Requirement
For the records below, please print exactly and only the lines from the one with "Lands' End 100%" down to the one with "1V21E2CA3LC212530 - 2020", both ends included, omitting the pictures.

Short text fragments from websites
■ ■ ■ ■ ■ ■ ■
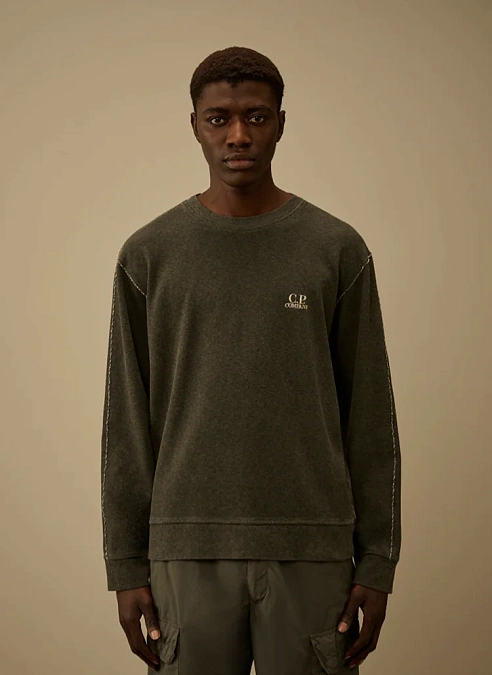 Свитшот Heavy Jersey Plated Crewneck Sweatshirt Gunmetal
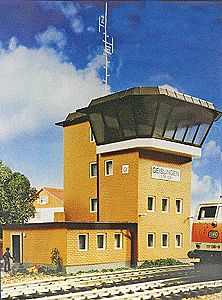 Kibri 39317 HO Scale Geislingen/Steige Signal Tower - Kit -- 5-11/16 x 3-1/2 x 5-1/2" 14.5 x 9 x 14cm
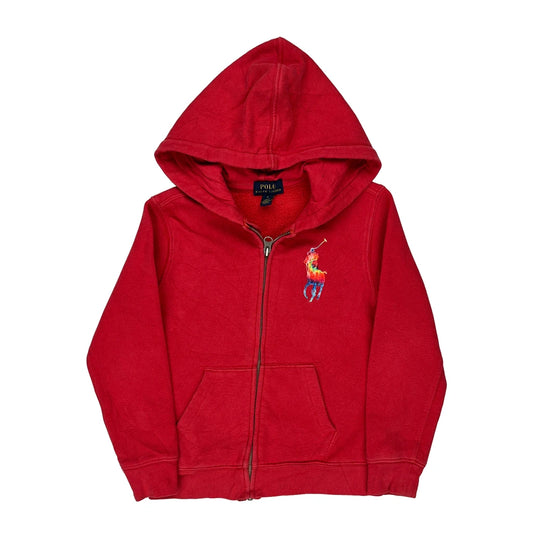 Age 6 Polo By Ralph Lauren Hoodie - Small Red Cotton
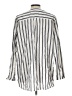 Lands' End 100% Cotton Stripes Ivory Long Sleeve Blouse Size L - photo 2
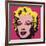 Marilyn Monroe (Marilyn), 1967 (hot pink)-Andy Warhol-Framed Art Print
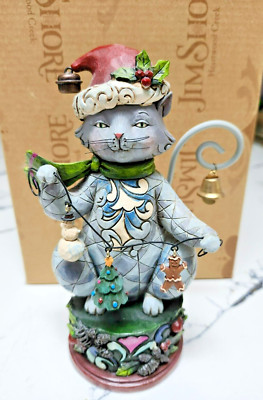 2010 Jim Shore Heartwood Creek, Jingle Bell On Kitty's Tail, Cat S4017631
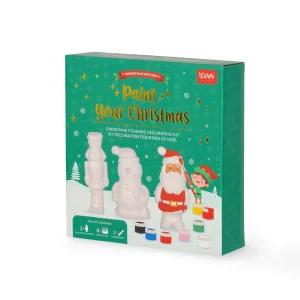 Xmas Christmas Figurine Paint & Decor Kit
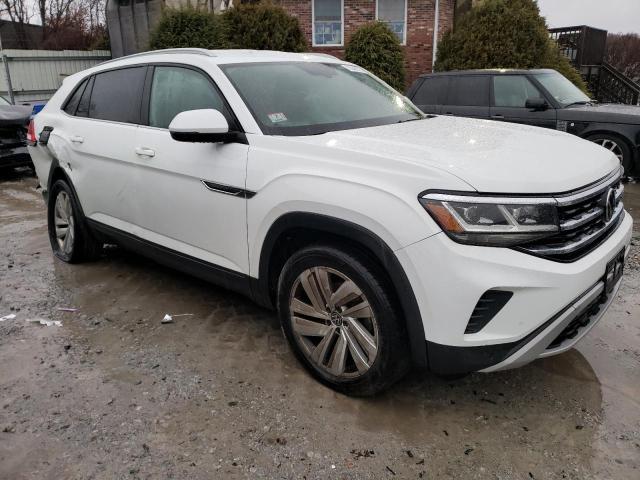 1V21E2CA3LC212530 - 2020 VOLKSWAGEN ATLAS CROS SE თეთრი ფოტო 4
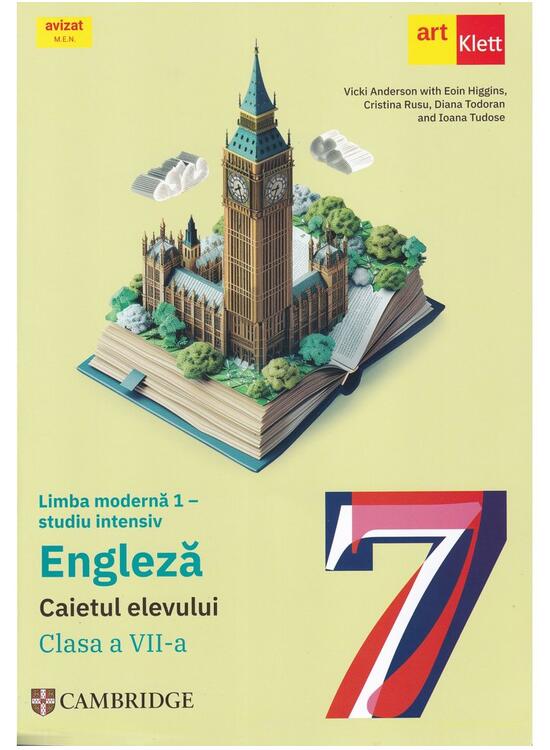 Copertă produs Limba modernă 1 - studiu intensiv. Engleză. Caietul elevului. Clasa a VII-a - gallery big 1
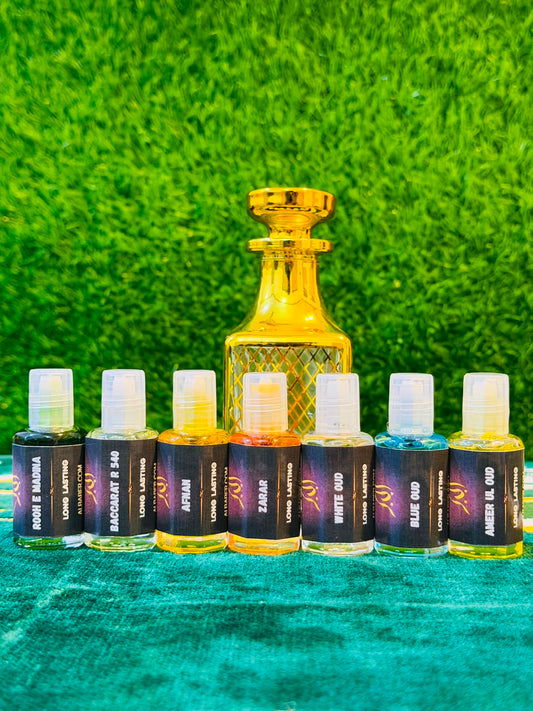 7-in-1 Premium Attar Set – 12ML Each Bottle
■ ■ ■ ■ ■ ■ ■
Solution to the problem
 Lands' End 100% Cotton Stripes Ivory Long Sleeve Blouse Size L - photo 2
 Marilyn Monroe (Marilyn), 1967 (hot pink)-Andy Warhol-Framed Art Print
 2010 Jim Shore Heartwood Creek, Jingle Bell On Kitty's Tail, Cat S4017631
 Xmas Christmas Figurine Paint & Decor Kit
 1V21E2CA3LC212530 - 2020 VOLKSWAGEN ATLAS CROS SE თეთრი ფოტო 4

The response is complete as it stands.